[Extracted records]
════════════════

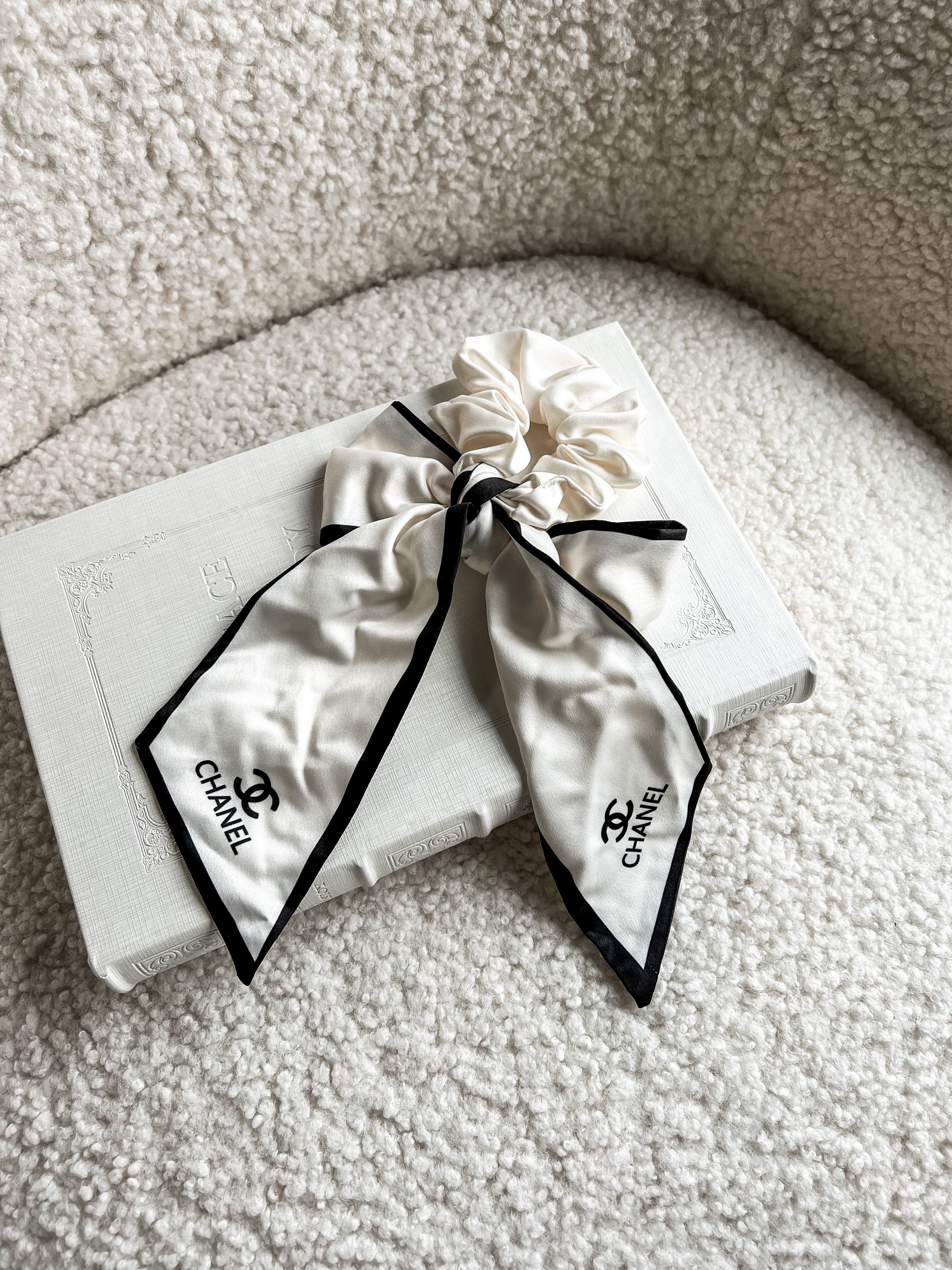 [TOP] CHANEL Crunchy + Twilly Set - White w Black Trimming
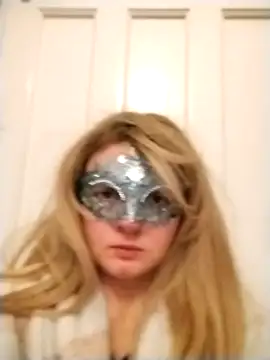 Snapshot of Amy01112 chatting on January 2026 05:04:02 PM Amy01112 online show from January 2026 05:04:02 PM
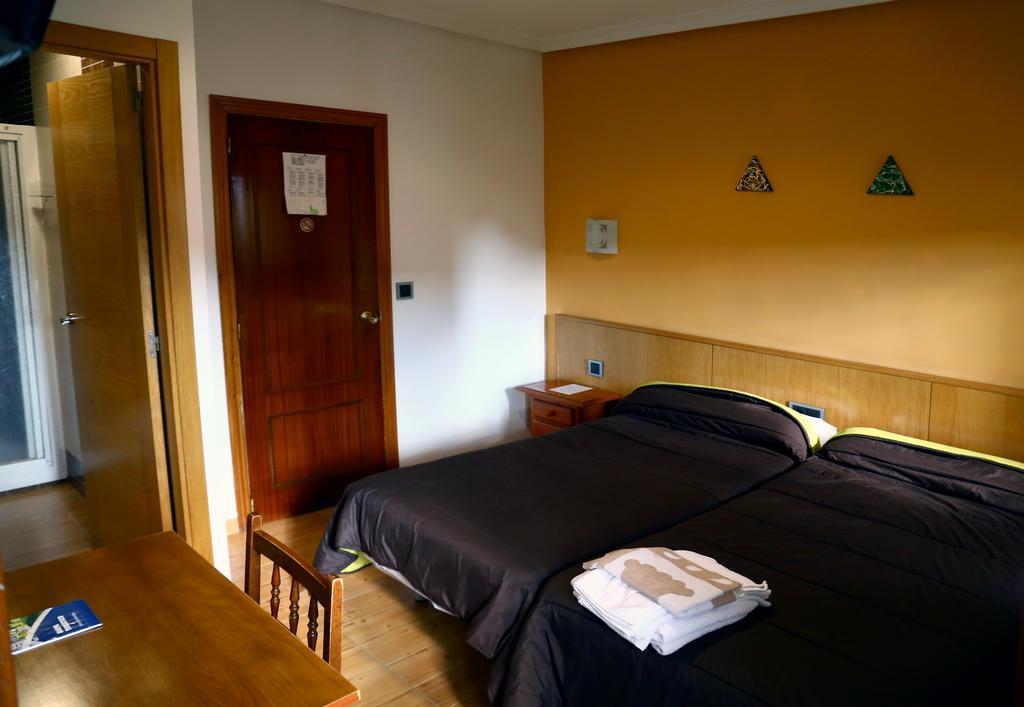Hostal Muralla Пласенсия Экстерьер фото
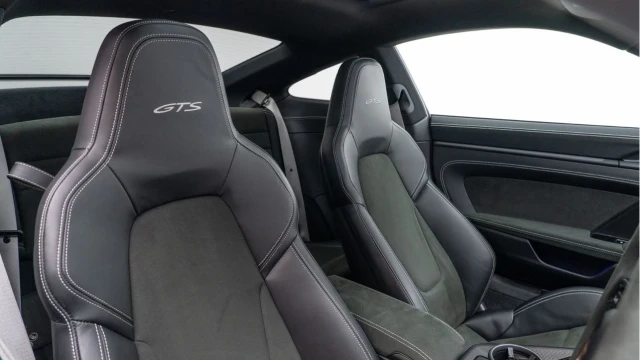 Porsche 911 (23 Reg) 3.0 Carrera 4 GTS Coupe Image 3
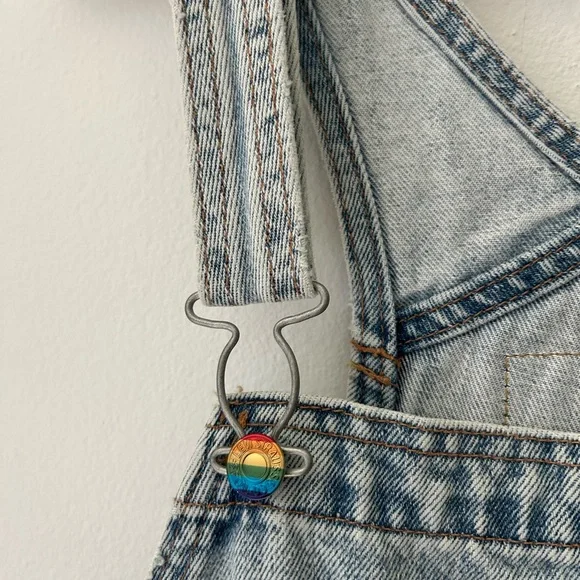 Rare Levi’s Pride Liberation Denim Short Overalls Medium Rainbow Patch - Picture 7 of 15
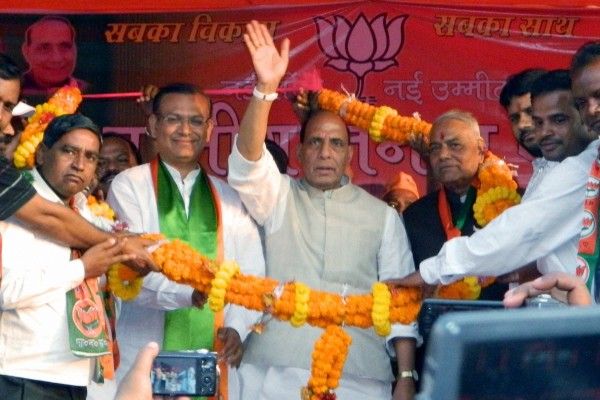 Ramgarh: BJP National President Rajnath Singh along with Senior BJP leader Yashwant Sinha, candidate for Ramgarh Lok Sabha seat Jayant Sinha being garlanded by party workers during an election rally at Ramgarh in Jharkhand 45kms from Ranchi on Tuesday. PTI Photo(PTI4_1_2014_000219A)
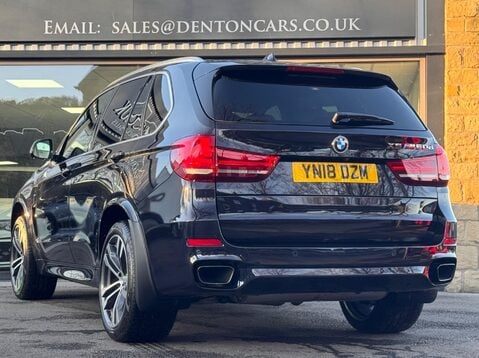 BMW X5 M50D 11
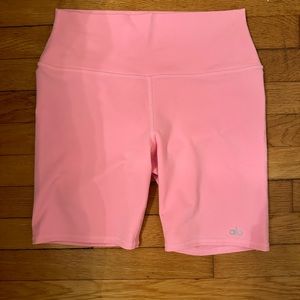 Alo Yoga high waist biker short size M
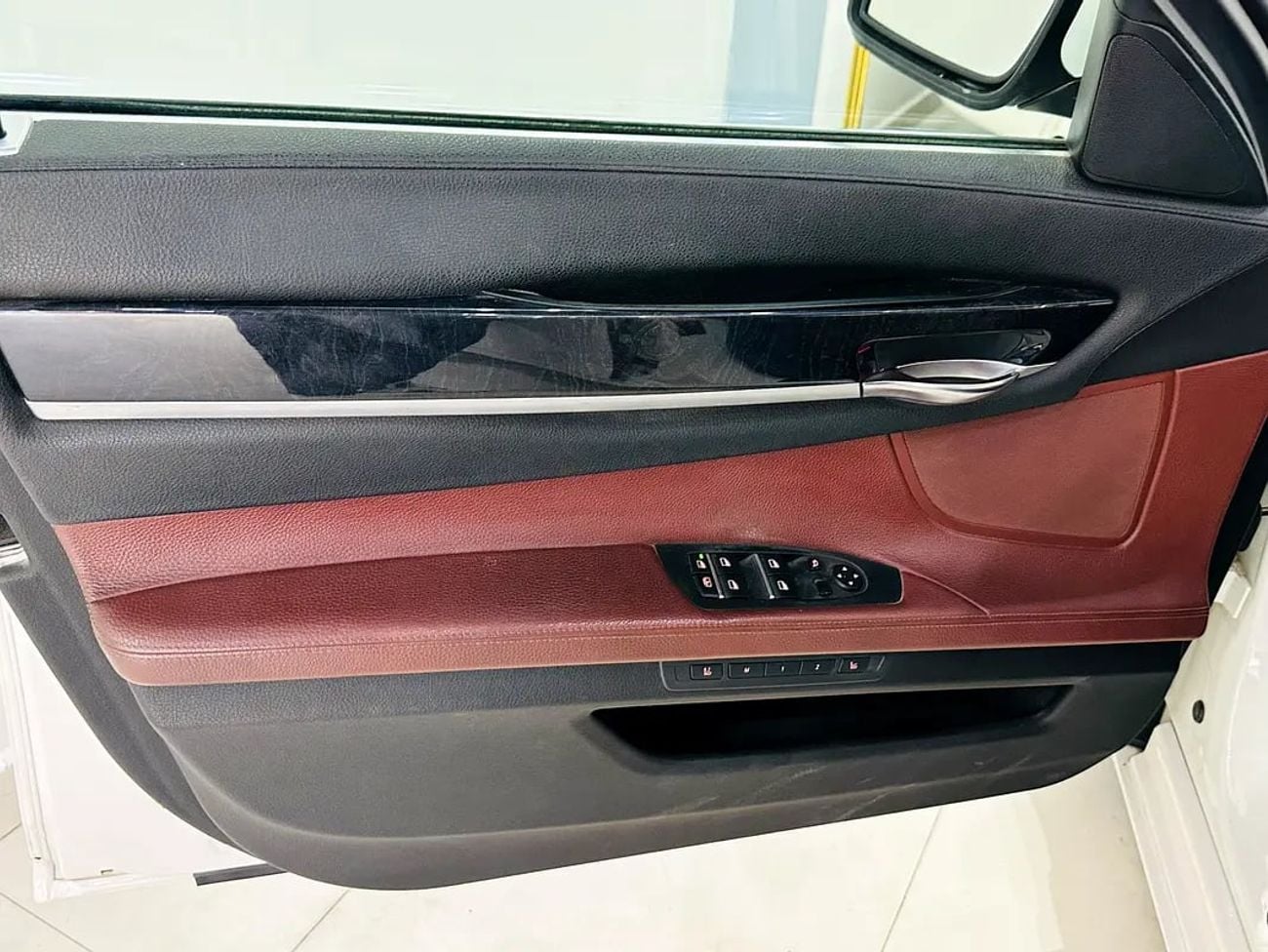 BMW 740Li EXCLUSIVE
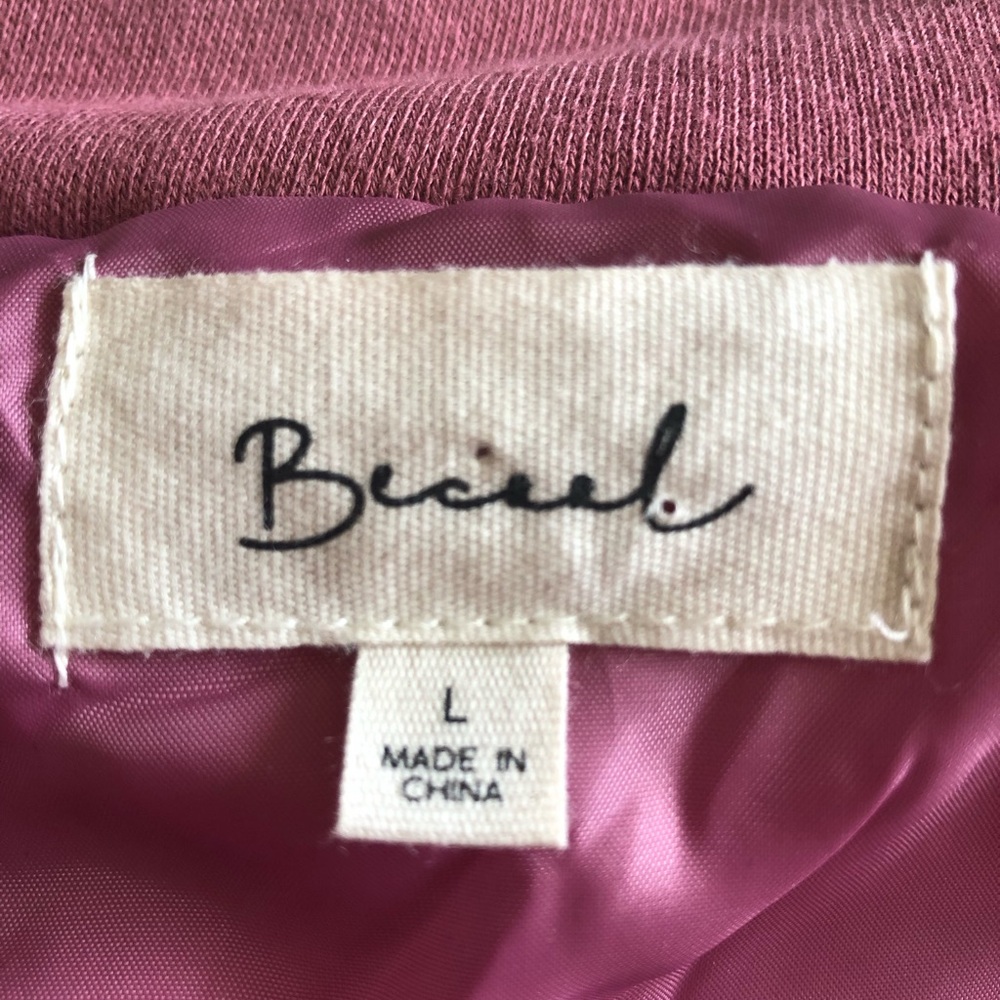 Women's Beceel Soft Maroon Quilted Vest Zip & Snap Close Pockets 90’s Vibes - Picture 4 of 6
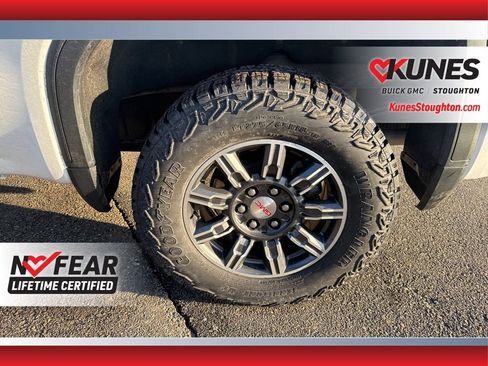 Used 2025 GMC Sierra 1500 AT4 image 18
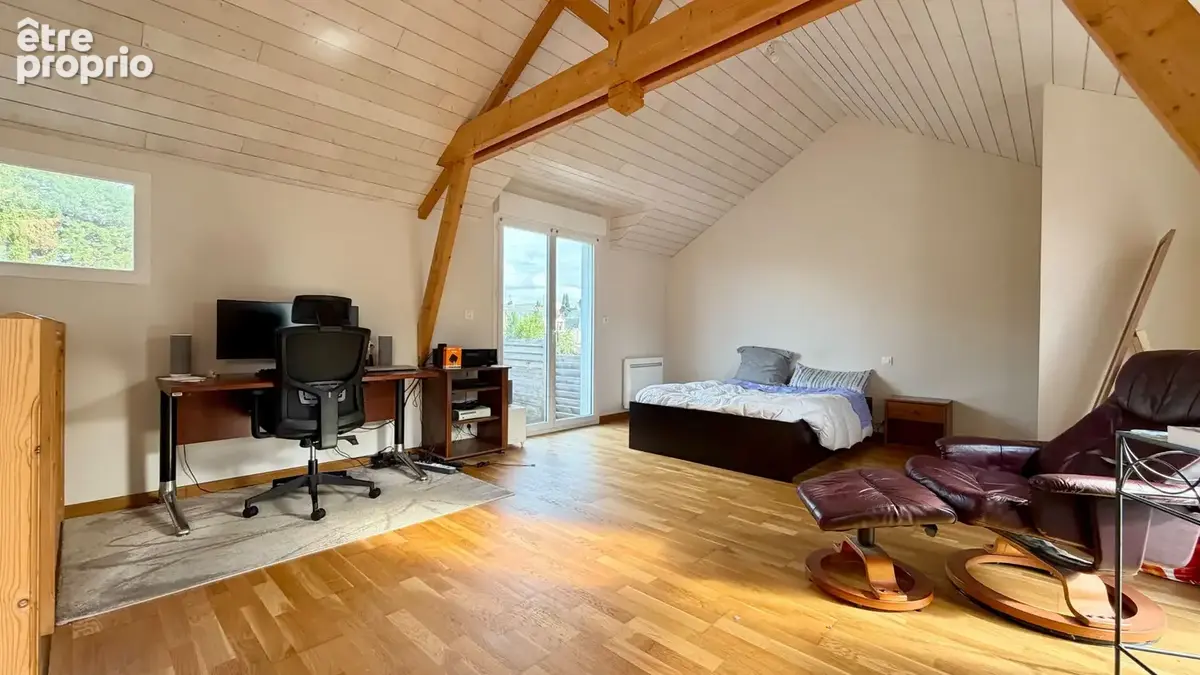 ROND-POINT DE RENNES - Maison de 76m² avec terrasse - photo 6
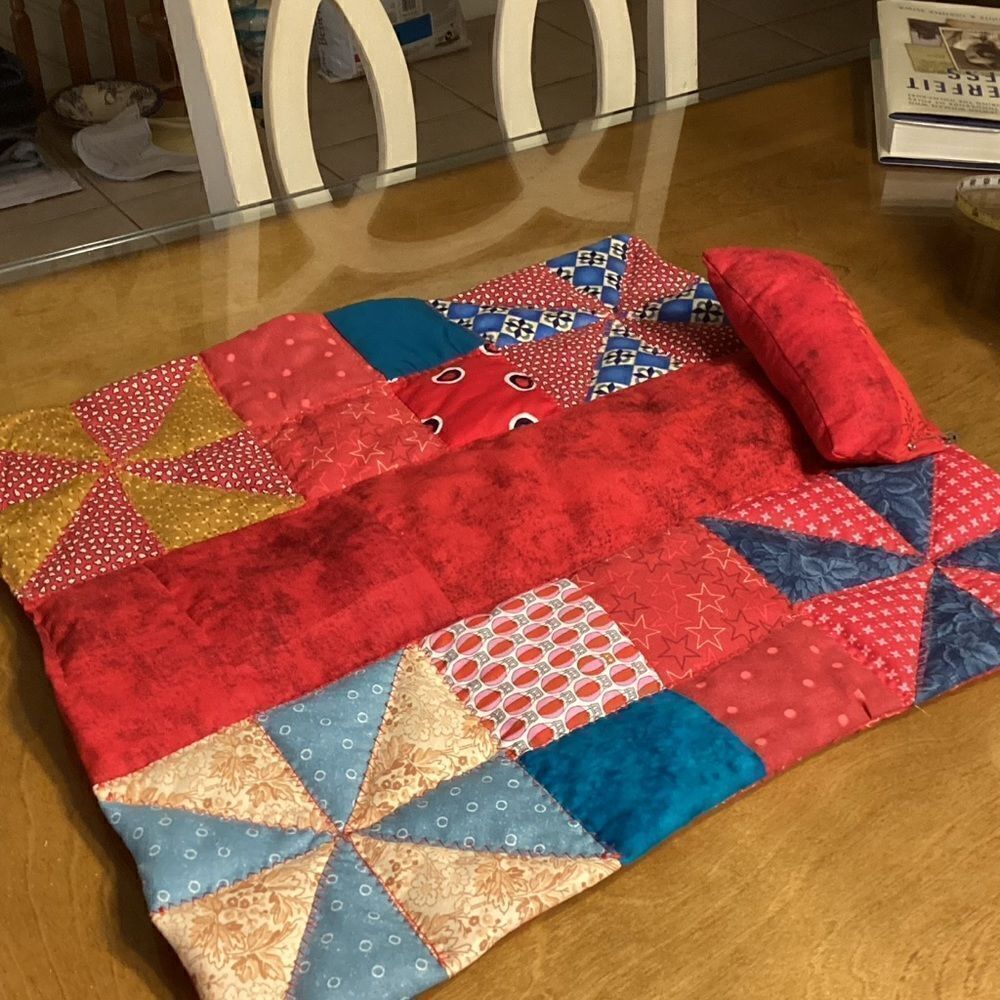 NWOT. Hand Crafted Stuffed Animal/Doll Pinwheel Quilt and Pillow Set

════════════════

Repeat every record above exactly, but leave out any pictures.

 [TOP] CHANEL Crunchy + Twilly Set - White w Black Trimming
 Snapshot of Amy01112 chatting on January 2026 05:04:02 PM Amy01112 online show from January 2026 05:04:02 PM
Hostal Muralla Пласенсия Экстерьер фото
 Porsche 911 (23 Reg) 3.0 Carrera 4 GTS Coupe Image 3
 Rare Levi’s Pride Liberation Denim Short Overalls Medium Rainbow Patch - Picture 7 of 15
 Ramgarh: BJP National President Rajnath Singh along with Senior BJP leader Yashwant Sinha, candidate for Ramgarh Lok Sabha seat Jayant Sinha being garlanded by party workers during an election rally at Ramgarh in Jharkhand 45kms from Ranchi on Tuesday. PTI Photo(PTI4_1_2014_000219A)
 BMW X5 M50D 11
 Alo Yoga high waist biker short size M
 BMW 740Li EXCLUSIVE
 Women's Beceel Soft Maroon Quilted Vest Zip & Snap Close Pockets 90’s Vibes - Picture 4 of 6
 Used 2025 GMC Sierra 1500 AT4 image 18
 ROND-POINT DE RENNES - Maison de 76m² avec terrasse - photo 6
 NWOT. Hand Crafted Stuffed Animal/Doll Pinwheel Quilt and Pillow Set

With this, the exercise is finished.